Ofcom has been urged to investigate whether the controversial programme 'How to Steal Pigs' breached a broadcasting code.
Channel 4 has received widespread criticism from farmers and industry groups who said the programme, aired on Tuesday 14 January, showed 'blatant criminal activity' on farms.
Mitsubishi Motors, one of Channel 4's sponsors, did not associate itself with the show following pressure from the National Pig Association (NPA) and UK farming unions.
Now the National Rural Crime Network (NRCN) has asked Ofcom to look into whether Channel 4 breached Rule 3.1 of the Broadcasting Code by broadcasting material likely to encourage or incite the commission of crime or to lead to disorder.

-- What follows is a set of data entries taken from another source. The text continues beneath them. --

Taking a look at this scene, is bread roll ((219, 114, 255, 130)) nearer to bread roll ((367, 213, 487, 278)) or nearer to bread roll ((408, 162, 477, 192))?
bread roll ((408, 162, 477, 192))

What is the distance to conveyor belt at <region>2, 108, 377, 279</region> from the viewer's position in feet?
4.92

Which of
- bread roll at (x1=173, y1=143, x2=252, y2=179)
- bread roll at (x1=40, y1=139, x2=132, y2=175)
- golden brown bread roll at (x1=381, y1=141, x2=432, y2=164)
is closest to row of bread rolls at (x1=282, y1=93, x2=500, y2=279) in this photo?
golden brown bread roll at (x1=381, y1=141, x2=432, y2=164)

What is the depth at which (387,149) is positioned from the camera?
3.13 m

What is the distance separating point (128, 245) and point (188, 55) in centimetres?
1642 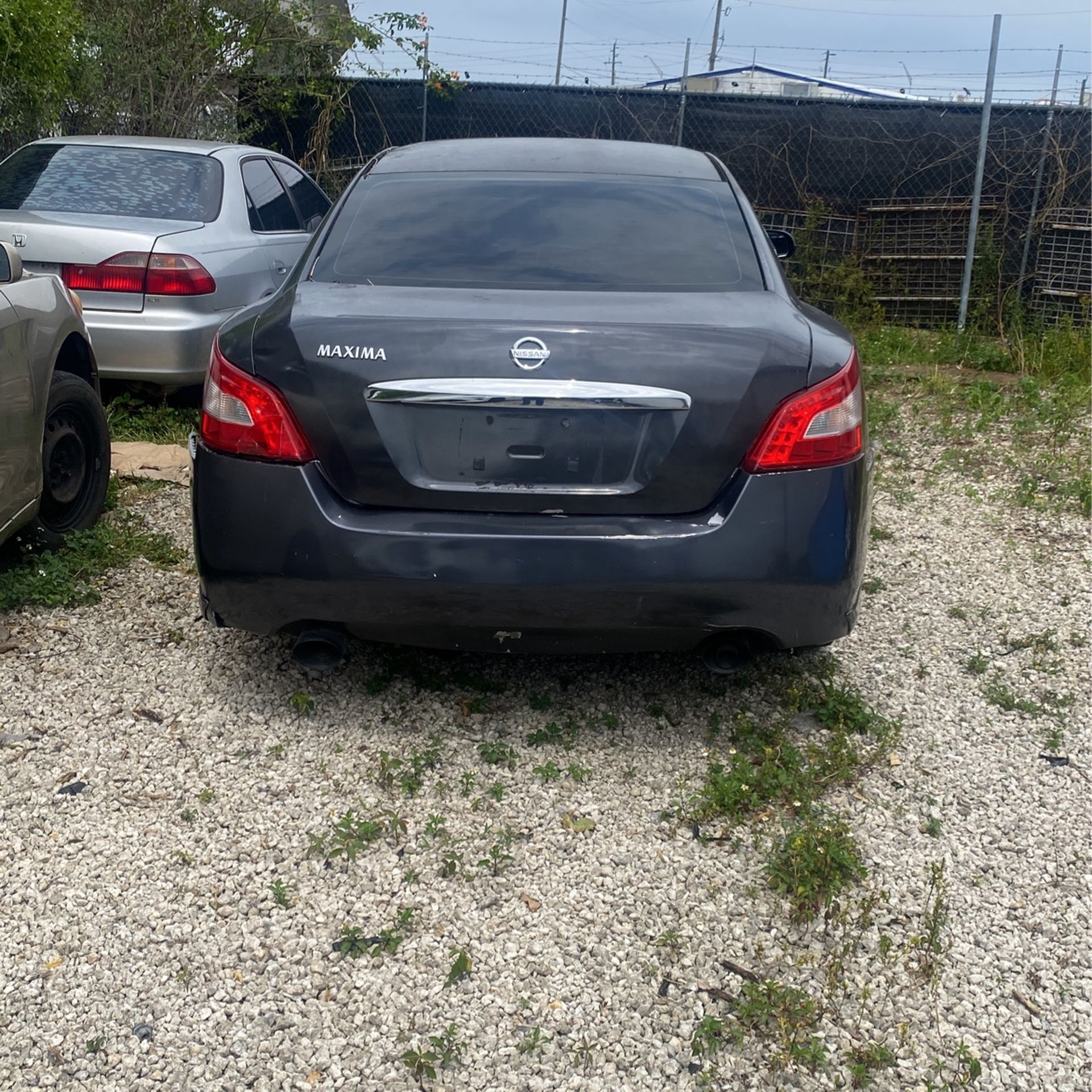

Chair Julia Mulligan has written to Ofcom Interim Chief Executive Jonathan Oxley highlighting the concerns.
In her letter she says: “The NPA and the four UK farming unions, including the NFU – who are NRCN members – are among those who expressed their worries to Channel 4 ahead of broadcast that the programme glamorised and condoned crime and violence in rural areas.
“The broadcaster insisted ‘the programme did not glamorise or condone illegal activity’.
“We do not agree. We believe the programme itself, and particularly the title and promotion ahead of broadcast, explicitly glamorises illegal activity and, therefore, we would be grateful if Ofcom would consider whether it has breached Rule 3.1 of the Broadcasting Code,” she said.
“We understand that broadcasters often give titles to programmes which are intended to create debate, but we believe this goes beyond that.”
It comes as the group's most recent rural crime survey found over two-thirds of farmers and rural-specific business owners have been a victim of crime over the past 12 months.
Nearly half (48 percent) said their quality of life is being moderately or greatly affected by crime.
Ms Mulligan said: “Farmers are all too often living in fear of being targeted by crimes such as those seemingly normalised and glamorised by this programme.
“And farmers do not live on their farms on their own. Farms are home to families, they are at the heart of rural communities.
“Rural crime is not a joke. Offences must not be trivialised. Victims do not deserve to be belittled.”